## What you will do:
Lines from the one containing "丹-伯恩：足球启蒙是因为贝克汉姆，他是我们那一代人的全民偶像" to the end of the entries below must be reproduced exactly, with both end lines kept and no other line added.

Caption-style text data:
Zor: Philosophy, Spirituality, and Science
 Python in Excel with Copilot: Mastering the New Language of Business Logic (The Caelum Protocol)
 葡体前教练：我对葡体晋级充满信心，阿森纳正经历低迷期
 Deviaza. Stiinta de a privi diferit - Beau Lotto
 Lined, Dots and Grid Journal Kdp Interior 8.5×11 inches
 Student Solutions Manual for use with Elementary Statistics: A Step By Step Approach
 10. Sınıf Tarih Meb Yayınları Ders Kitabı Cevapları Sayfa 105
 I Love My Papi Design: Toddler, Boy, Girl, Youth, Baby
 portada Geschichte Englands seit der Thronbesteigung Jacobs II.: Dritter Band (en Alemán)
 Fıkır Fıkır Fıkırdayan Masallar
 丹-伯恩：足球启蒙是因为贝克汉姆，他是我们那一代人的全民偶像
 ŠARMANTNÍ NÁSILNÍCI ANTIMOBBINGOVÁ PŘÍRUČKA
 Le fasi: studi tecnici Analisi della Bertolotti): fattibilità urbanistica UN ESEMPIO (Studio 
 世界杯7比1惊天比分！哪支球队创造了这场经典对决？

## Output of the task:
 丹-伯恩：足球启蒙是因为贝克汉姆，他是我们那一代人的全民偶像
 ŠARMANTNÍ NÁSILNÍCI ANTIMOBBINGOVÁ PŘÍRUČKA
 Le fasi: studi tecnici Analisi della Bertolotti): fattibilità urbanistica UN ESEMPIO (Studio 
 世界杯7比1惊天比分！哪支球队创造了这场经典对决？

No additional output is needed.